Human Judgments of Native-Likeness

Perceptual data have been widely used to assess the degree of foreign-accentedness (Koster and Koet, 1993; Munro, 1995; Magen, 1998; Munro and Derwing, 2001). We therefore use human judgments of native-likeness that were collected in the study of Wieling et al. (2014). They created an online questionnaire in which native speakers of American-English were asked to rate the accent strength of 50 speech samples extracted from the Speech Accent Archive. The degree of native-likeness of the speech samples was judged on a 7-point Likert scale. A score of 1 was assigned to a speaker that was perceived as very foreign-sounding, and a score of 7 was assigned to a speaker that was perceived as having native American-English speaking abilities. The speech samples presented to the participants were not duplicated, so each participant rated each sample at most once. The set of samples available for different participants to judge was changed several times during the period the questionnaire was online. To increase the reliability of the ratings, not all speech samples from the Speech Accent Archive were included in the questionnaire, so that each speech sample could be judged by multiple participants. It was also not compulsory to rate all 50 samples, because the participants could decide to rate a subset of the speech samples.

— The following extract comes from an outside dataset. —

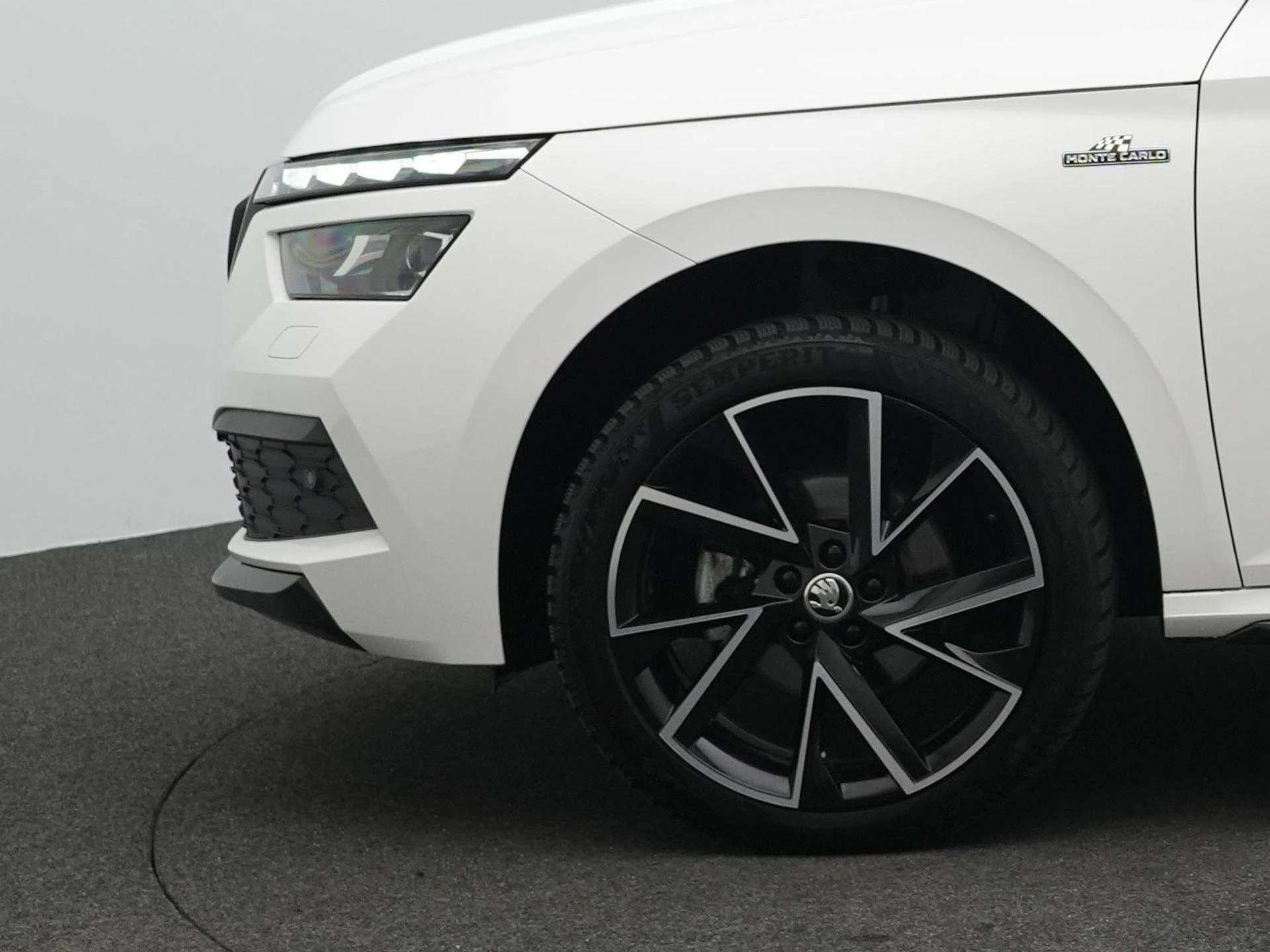 Hoofdafbeelding Škoda Kamiq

The questionnaire of Wieling et al. (2014) was distributed by asking colleagues and friends to forward it to native speakers of American-English. The questionnaire was also mentioned in a blog post of Mark Liberman1 which led to a considerable amount of responses. In total, 1,143 participants provided native-likeness ratings (57.6% men and 42.4% woman). On average, they rated 41 samples with a standard deviation of 14 samples. The participants had a mean age of 36.2 years with a standard deviation of 13.9 years, and people most frequently came from California (13.2%), New York (10.1%), and Massachusetts (5.9%).

Experimental Setup

Segmentation

We obtain acoustic distances comparing speakers from the target data set to the speakers in the reference data set. The data sets we use contain recordings of the entire 69 word paragraph (henceforth referred to as the complete speech sample). These complete speech samples do not only contain the 69 word pronunciations, but also speech disfluencies. Examples of these disfluencies include, but are not limited to, (filled) pauses, false starts, word order changes, or mispronunciations.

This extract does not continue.